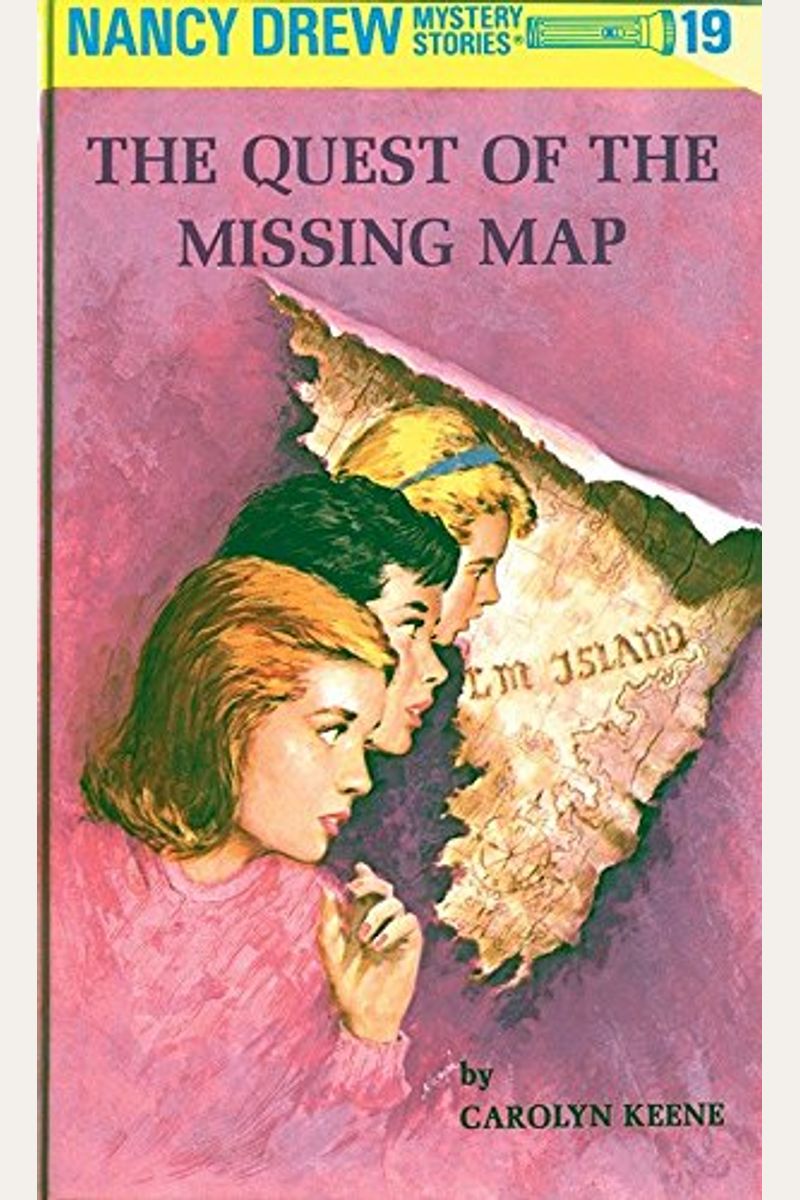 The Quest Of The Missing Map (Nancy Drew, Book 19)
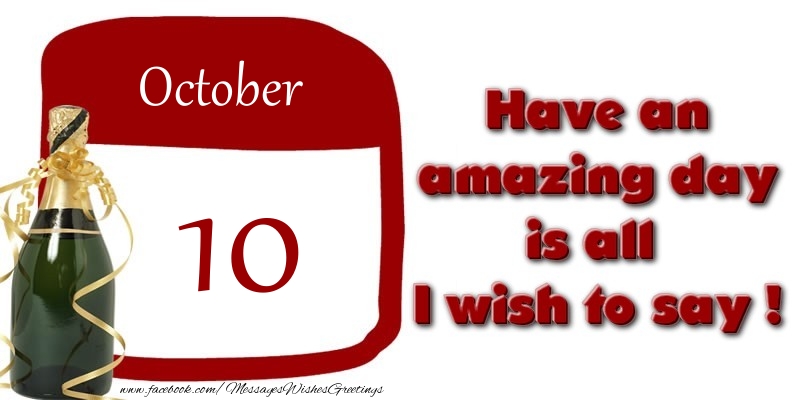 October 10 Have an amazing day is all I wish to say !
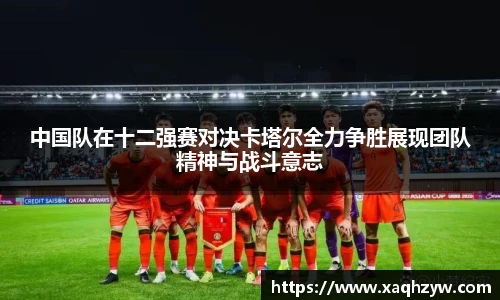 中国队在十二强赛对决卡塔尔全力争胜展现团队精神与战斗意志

┄┄┄┄┄┄

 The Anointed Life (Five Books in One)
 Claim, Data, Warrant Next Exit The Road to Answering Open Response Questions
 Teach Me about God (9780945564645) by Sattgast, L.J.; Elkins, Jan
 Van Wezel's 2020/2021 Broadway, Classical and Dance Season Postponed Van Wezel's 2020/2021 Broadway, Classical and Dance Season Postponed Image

┄┄┄┄┄┄

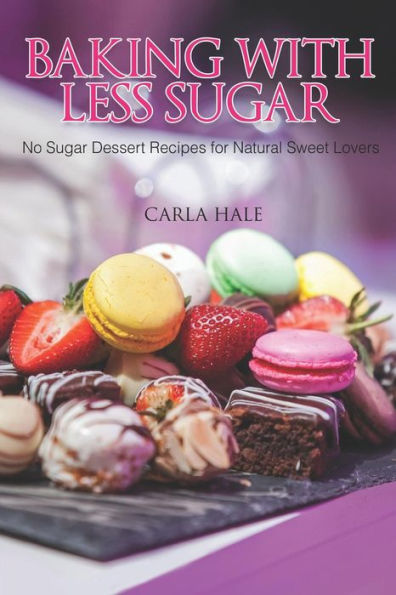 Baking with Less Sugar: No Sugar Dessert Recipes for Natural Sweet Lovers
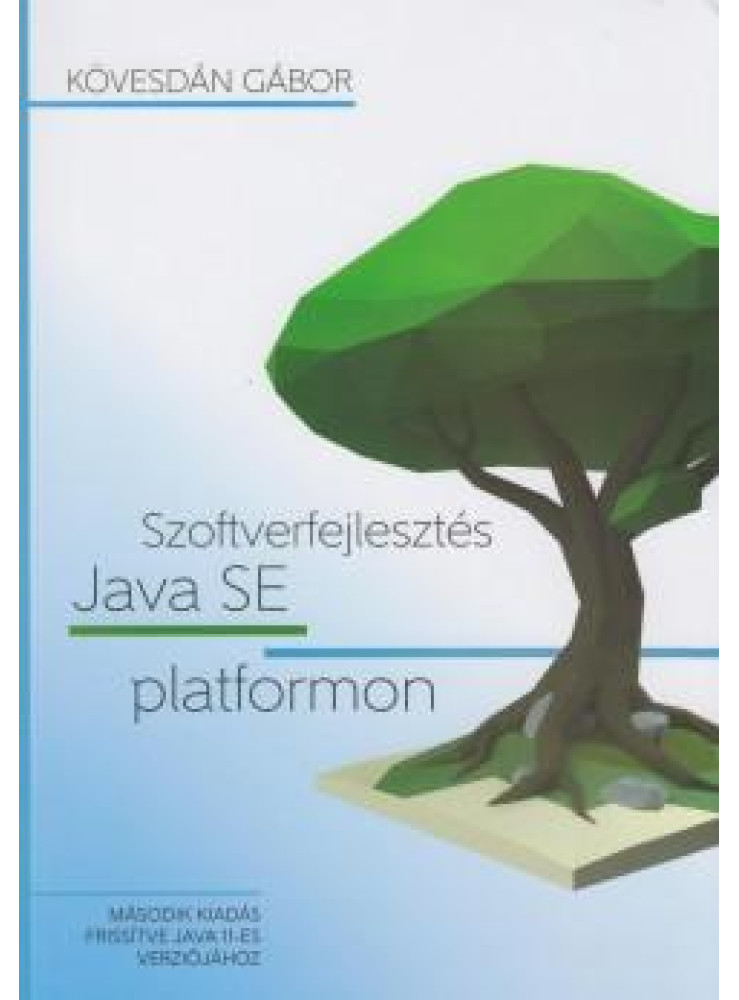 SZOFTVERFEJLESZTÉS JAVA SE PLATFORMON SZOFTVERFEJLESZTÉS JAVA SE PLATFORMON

┄┄┄┄┄┄

Exactly the lines above from the one that contains "October 10 Have" down to the one that contains "中国队在十二强赛对决卡塔尔全力争胜展现团队精神与战斗意志" are to be output, both ends kept and pictures omitted.

# Output of the exercise
 October 10 Have an amazing day is all I wish to say !
 中国队在十二强赛对决卡塔尔全力争胜展现团队精神与战斗意志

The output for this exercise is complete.